> _What to work on_: Output exactly, and only, the lines below from the one with "Step 7: Navigate" down to the one with "Next I'll address". Include both end lines and no pictures.

> _Input_:
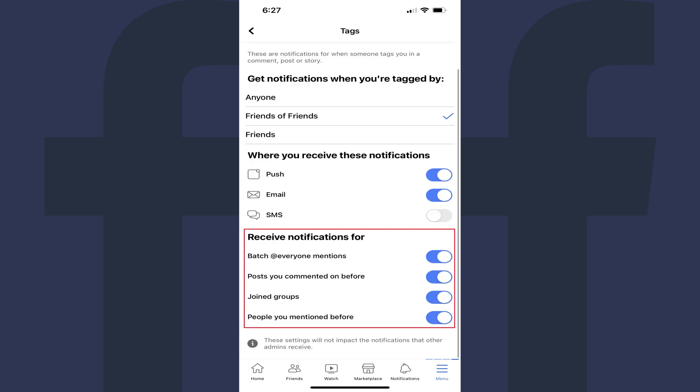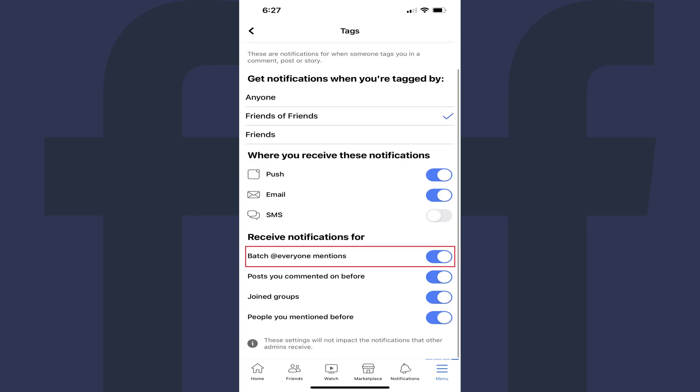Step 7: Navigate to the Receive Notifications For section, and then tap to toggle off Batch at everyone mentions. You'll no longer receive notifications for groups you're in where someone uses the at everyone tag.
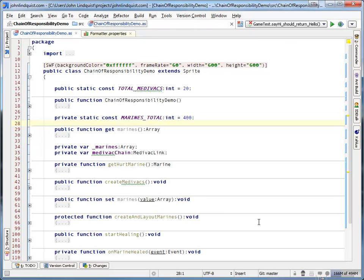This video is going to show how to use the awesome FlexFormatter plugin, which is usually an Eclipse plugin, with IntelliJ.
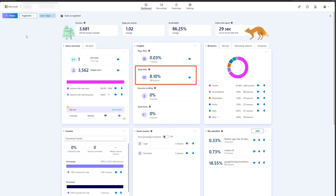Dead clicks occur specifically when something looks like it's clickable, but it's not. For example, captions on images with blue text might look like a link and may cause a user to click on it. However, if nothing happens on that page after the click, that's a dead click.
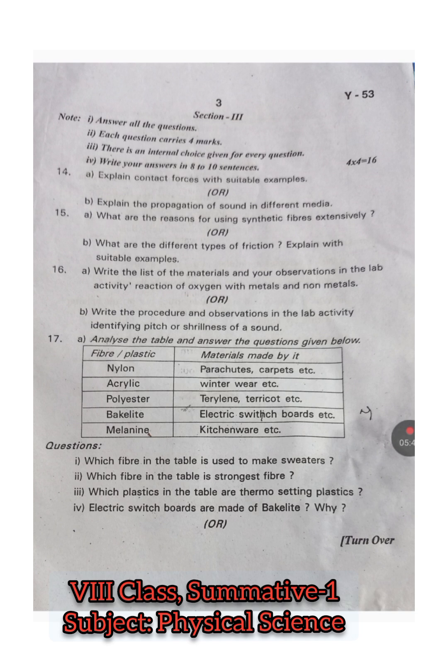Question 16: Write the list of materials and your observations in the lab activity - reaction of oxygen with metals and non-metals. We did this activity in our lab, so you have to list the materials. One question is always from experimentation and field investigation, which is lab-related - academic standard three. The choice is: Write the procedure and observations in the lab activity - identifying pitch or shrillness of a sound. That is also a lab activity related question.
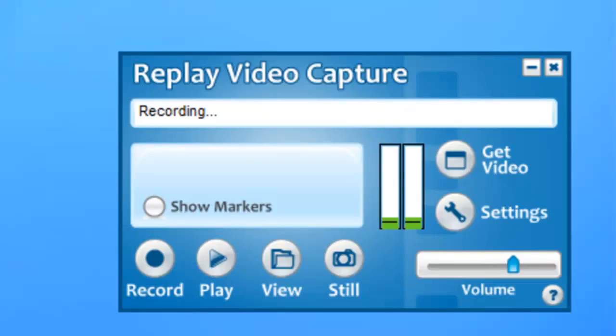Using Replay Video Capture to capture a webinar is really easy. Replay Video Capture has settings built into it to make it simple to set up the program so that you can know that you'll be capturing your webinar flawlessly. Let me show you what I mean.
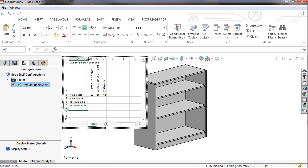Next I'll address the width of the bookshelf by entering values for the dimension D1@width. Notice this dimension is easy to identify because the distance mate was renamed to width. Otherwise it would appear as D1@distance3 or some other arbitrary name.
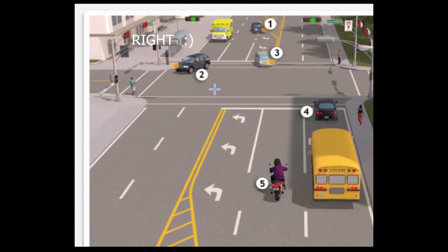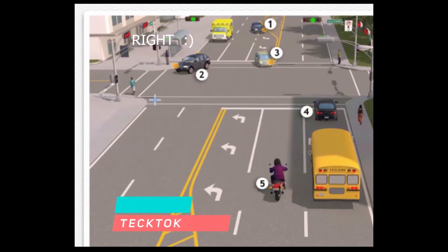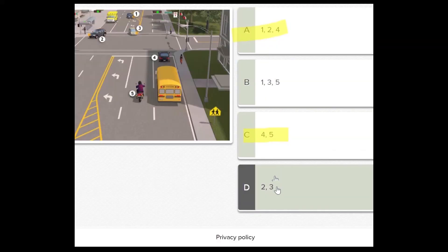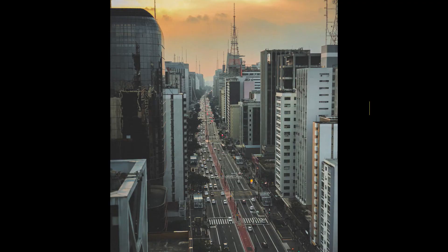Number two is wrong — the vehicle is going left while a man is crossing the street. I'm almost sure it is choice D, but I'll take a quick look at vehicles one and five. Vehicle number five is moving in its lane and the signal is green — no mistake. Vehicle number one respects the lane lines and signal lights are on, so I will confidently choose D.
...
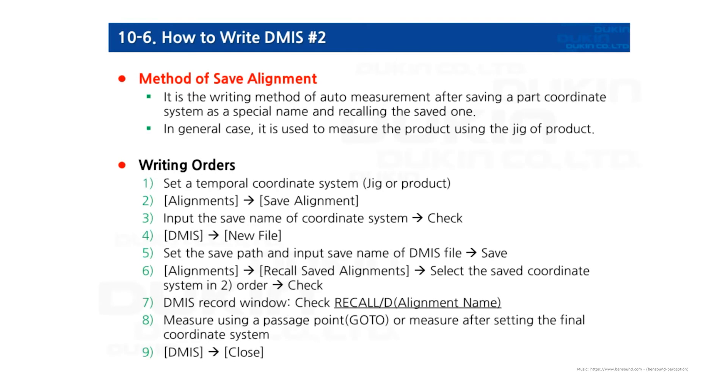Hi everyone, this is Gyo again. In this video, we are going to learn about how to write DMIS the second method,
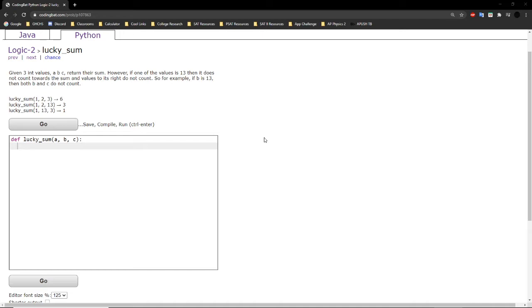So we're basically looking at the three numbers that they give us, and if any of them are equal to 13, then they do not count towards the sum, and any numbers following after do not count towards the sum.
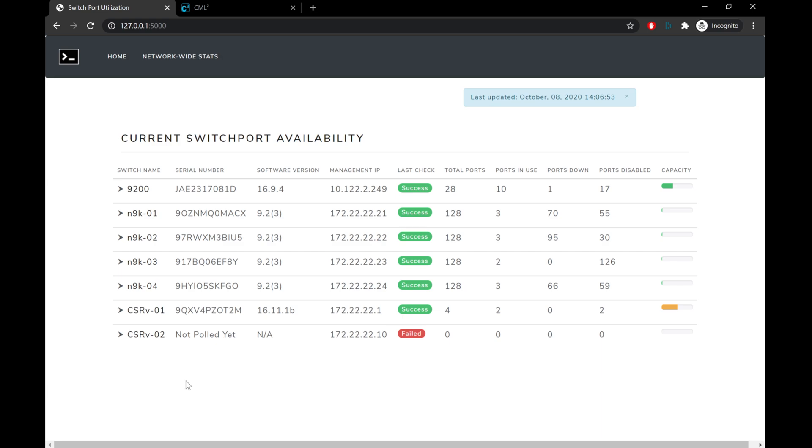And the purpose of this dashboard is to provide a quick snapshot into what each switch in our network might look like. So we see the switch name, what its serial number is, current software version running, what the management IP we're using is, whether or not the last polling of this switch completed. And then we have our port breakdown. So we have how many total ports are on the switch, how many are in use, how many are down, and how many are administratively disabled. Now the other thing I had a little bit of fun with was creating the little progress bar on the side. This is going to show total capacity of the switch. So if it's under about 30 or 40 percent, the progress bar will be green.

> _Solution_:
Step 7: Navigate to the Receive Notifications For section, and then tap to toggle off Batch at everyone mentions. You'll no longer receive notifications for groups you're in where someone uses the at everyone tag.
This video is going to show how to use the awesome FlexFormatter plugin, which is usually an Eclipse plugin, with IntelliJ.
Dead clicks occur specifically when something looks like it's clickable, but it's not. For example, captions on images with blue text might look like a link and may cause a user to click on it. However, if nothing happens on that page after the click, that's a dead click.
Question 16: Write the list of materials and your observations in the lab activity - reaction of oxygen with metals and non-metals. We did this activity in our lab, so you have to list the materials. One question is always from experimentation and field investigation, which is lab-related - academic standard three. The choice is: Write the procedure and observations in the lab activity - identifying pitch or shrillness of a sound. That is also a lab activity related question.
Using Replay Video Capture to capture a webinar is really easy. Replay Video Capture has settings built into it to make it simple to set up the program so that you can know that you'll be capturing your webinar flawlessly. Let me show you what I mean.
Next I'll address the width of the bookshelf by entering values for the dimension D1@width. Notice this dimension is easy to identify because the distance mate was renamed to width. Otherwise it would appear as D1@distance3 or some other arbitrary name.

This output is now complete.